Belastingcapaciteit

Hoe hoger de lokale lasten, hoe minder mogelijkheden een gemeente heeft voor verdere verhoging, hetgeen van invloed is op de wendbaarheid van de begroting. We hanteren twee kengetallen die elk de positie weergeven van Utrecht ten opzichte van een gemiddelde.

8.1 Belastingcapaciteit (BBV, bron: circulaire gemeentefonds)
Het kengetal belastingcapaciteit is een wegens BBV verplicht kengetal. Het drukt de Utrechtse lasten uit in een percentage van het gemiddelde van alle Nederlandse gemeenten. Een laag percentage als uitkomst is gunstig voor de nog beschikbare belastingcapaciteit.
Daarbij tellen kleine gemeenten even zwaar mee als grote doordat het uitgaat van het ongewogen landelijk gemiddelde.

8.2 Kengetal lokale lasten (bron: COELO)
Het kengetal lokale lasten vergelijkt de Utrechtse lokale lasten met die van de 36 grootste (100.000+) gemeenten. Met de uitkomst wordt een rangorde aangegeven van duur naar goedkoop.
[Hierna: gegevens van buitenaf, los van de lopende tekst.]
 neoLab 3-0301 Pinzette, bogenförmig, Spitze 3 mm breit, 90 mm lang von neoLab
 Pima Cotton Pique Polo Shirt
Bij dit kengetal tellen gemeenten met een groot aantal inwoners zwaarder mee doordat wij uitgaan van het gewogen gemiddelde.

Tabel 8: Belastingcapaciteit en kengetal lokale lasten meerpersoonshuishoudens

Belastingcapaciteit Utrecht (BBV)

Verslag
2015

Verslag
2016

Verslag
2017

Begroting
2018

Onroerendezaakbelasting

233

236

235

239

Rioolheffing

231

234

220

214

Afvalstoffenheffing

240

243

249

253

Utrecht woonlasten meerpersoons huishoudens

704

713

703

706

Landelijk gemiddelde

704

716

723

742

Belastingcapaciteit Utrecht
(100% = op gemiddelde)

100%

99,6%

97,3%

95,1%

Kengetal lokale lasten (Bron: COELO)

Plaats 36 grootste gemeenten

(1ste = duurste)

21 de

23 ste

24 ste

25ste

Bedragen zijn in duizenden euro’s

Stand van zaken

Utrecht is de afgelopen jaren met de hoogte van de lokale lasten in rangorde gedaald (= relatief minder duur) ten opzichte van de 36 grootste gemeenten.  

Sturingsmogelijkheden
Het effect van een eventuele belastingverhoging op de wendbaarheid van de gemeentefinanciën is relatief beperkt. Gemeenten nemen na de decentralisatie van 2015 circa 30 procent van de totale overheidsuitgaven voor hun rekening, terwijl het aandeel lokale belastingen in de totale belastingopbrengst onder de drie procent ligt. Het aandeel van de lokale belastingen in de totale inkomsten van gemeenten bedroeg in 2016 5%. [1] De mogelijkheid om de lasten te verhogen wordt deels bepaald door de landelijke macronorm voor onroerendezaakbelasting en deels door politiek inhoudelijke afwegingen. Ook de mate waarin leges en retributies kostendekkend zijn kan een sturingsmogelijkheid zijn.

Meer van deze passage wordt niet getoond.